Après des propos très vifs du Premier ministre Benjamin Netanyahu fin janvier, lequel avait affirmé que "nous ne tolérerons pas qu'on déforme la vérité et réécrive l'Histoire ou qu'on nie l'Holocauste", la réaction du ministère israélien des Affaires étrangères à la décision de M. Duda, a paru modérée, voire conciliante.
"Nous espérons que dans le délai imparti avant que le Tribunal n'achève ses délibérations, nous parviendrons à nous mettre d'accord sur les changements et les corrections", indique-t-il mardi dans un communiqué.

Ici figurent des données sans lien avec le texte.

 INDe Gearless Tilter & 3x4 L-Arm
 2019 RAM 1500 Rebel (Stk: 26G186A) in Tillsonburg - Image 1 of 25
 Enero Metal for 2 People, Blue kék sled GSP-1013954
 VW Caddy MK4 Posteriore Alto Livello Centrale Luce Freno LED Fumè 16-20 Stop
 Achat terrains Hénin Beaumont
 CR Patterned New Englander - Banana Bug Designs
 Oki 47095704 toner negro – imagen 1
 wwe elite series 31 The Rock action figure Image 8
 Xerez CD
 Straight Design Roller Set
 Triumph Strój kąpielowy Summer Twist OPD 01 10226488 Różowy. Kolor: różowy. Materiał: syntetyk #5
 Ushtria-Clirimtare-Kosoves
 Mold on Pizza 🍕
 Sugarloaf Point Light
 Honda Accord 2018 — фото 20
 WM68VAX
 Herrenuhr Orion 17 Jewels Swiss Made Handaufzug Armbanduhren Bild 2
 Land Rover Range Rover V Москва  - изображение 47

De son côté, le mémorial de la Shoah à Jérusalem, Yad Vashem, a rappelé dans un communiqué avoir "mis en garde les autorités polonaises à plusieurs reprises contre les erreurs dans la formulation de la loi", erreurs qui "pourraient fausser la vérité historique".
"La Pologne a terriblement compliqué ses relations avec ses partenaires clés, les Etats-Unis, Israël et l'Ukraine, alors que déjà les relations au plan européen sont au plus bas. La situation est vraiment mauvaise", a déclaré Stanislaw Mocek, politologue de l'Académie polonaise des Sciences.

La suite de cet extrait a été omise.